### What to work on
As the answer, give a copy of each line below that includes the word "blue".

Records drawn from a dataset:
****************

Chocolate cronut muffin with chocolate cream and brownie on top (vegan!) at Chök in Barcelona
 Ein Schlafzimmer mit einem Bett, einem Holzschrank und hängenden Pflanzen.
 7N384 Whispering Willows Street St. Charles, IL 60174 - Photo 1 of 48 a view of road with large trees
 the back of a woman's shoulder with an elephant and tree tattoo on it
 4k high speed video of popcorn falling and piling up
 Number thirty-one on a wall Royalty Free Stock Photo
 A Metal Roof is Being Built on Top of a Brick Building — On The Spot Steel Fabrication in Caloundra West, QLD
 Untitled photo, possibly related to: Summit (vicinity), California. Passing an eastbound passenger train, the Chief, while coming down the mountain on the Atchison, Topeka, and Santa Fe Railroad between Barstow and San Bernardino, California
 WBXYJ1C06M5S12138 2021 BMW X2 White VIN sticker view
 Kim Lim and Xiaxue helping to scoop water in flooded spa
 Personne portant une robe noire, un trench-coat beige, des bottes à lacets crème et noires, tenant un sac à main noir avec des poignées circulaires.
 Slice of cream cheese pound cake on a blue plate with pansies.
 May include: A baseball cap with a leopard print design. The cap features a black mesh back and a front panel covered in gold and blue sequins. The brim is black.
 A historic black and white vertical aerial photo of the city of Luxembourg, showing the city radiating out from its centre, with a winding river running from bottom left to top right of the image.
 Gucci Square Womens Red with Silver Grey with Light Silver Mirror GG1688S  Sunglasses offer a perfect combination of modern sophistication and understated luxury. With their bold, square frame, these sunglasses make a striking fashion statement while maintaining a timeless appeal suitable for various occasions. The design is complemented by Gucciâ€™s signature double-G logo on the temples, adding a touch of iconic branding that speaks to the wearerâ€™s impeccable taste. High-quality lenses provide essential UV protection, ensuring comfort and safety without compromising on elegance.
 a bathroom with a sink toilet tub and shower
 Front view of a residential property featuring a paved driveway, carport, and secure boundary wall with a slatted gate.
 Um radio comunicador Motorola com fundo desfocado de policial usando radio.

****************

### Response for this exercise
 Slice of cream cheese pound cake on a blue plate with pansies.
 May include: A baseball cap with a leopard print design. The cap features a black mesh back and a front panel covered in gold and blue sequins. The brim is black.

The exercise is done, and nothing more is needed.